The company did not say what the impact would be for customers — saying it would depend on the location and type of customer — but the company said it would raise the cost of a gallon of water from 1.5 cents to 1.8 cents, or 20 percent.
In 2021, Connecticut Water asked for a $20.2 million, or 20 percent, rate increase that would have raised the average residential customer’s bills by about $10.50 a month.
With headquarters in Clinton, Connecticut Water provides water to about 107,000 customers in 60 Connecticut towns, across over 1,800 miles of water main.

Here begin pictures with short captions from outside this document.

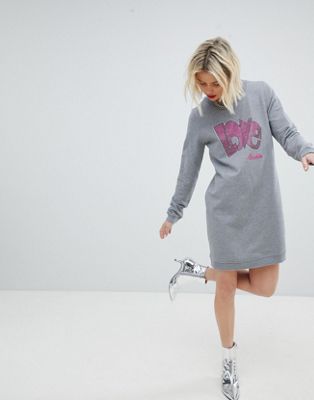 Love Moschino Sequined Logo Sweat Dress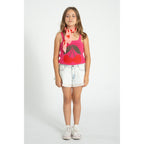 Piupiuchick Seidenlook Bandana pink w/ red hearts allover bei Yay Kids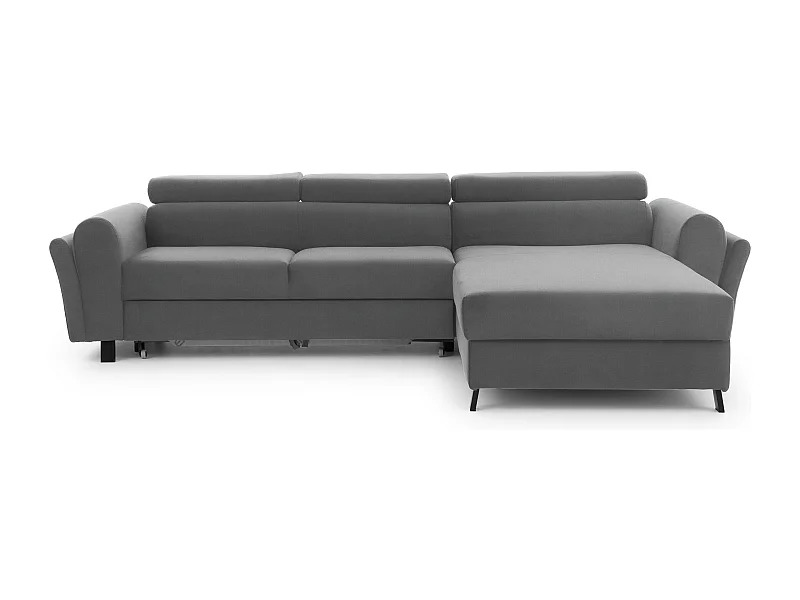 Canapé d’angle convertible MAZALI velours - Appuis-tête réglables et rangement-Gris-Méridienne A droite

Connecticut Water spokesman Dan Meaney said the rate hike request reflects continued investment in water infrastructure, increased costs of power and treatment chemicals, and the cost of borrowing since the last rate case.
Connecticut Water President Craig Patla said in a letter to PURA and state officials on Thursday that the company will complete $220 million worth of infrastructure projects between 2020 and January 2024 to maintain water quality, address “emerging contaminants” like PFAS, and meet new regulations for drinking water.
“We’re also not immune to the inflationary pressures of the current economy — in particular, rising prices in energy and chemicals — have had a direct impact on the cost of providing service to our customers and communities,” Patla said.
When PURA rejected Connecticut Water’s rate hike in 2021, allowing a revenue increase of just 1 percent, the company called it “among the harshest Connecticut utility rate decisions in recent memory,” and said it would have to return promptly to ask for another rate hike.
Connecticut utilities have bristled at PURA’s decisions since then. Last week, PURA approved a much smaller rate increase than Fairfield and New Haven county-based electric utility United Illuminating requested.
The decision followed a tense public argument between the company and state officials who thought UI’s public lobbying for their rate hike went too far. United Illuminating argued that PURA’s heightened scrutiny under Chair Marissa Gillett would hurt outside investment in the company, making it harder to finance grid improvements.
And Eversource subsidiary Aquarion Water is in court fighting PURA’s order that it cut its rates, instead of increasing its revenue by 28 percent as the company requested. That rate cut is on hold after a judge agreed to a stay until the appeal is decided.
“Connecticut Water understands that PURA has raised the standard for utilities to demonstrate that increasing rates is prudent and reasonable and we are preparing our case with that in mind,” Meaney said.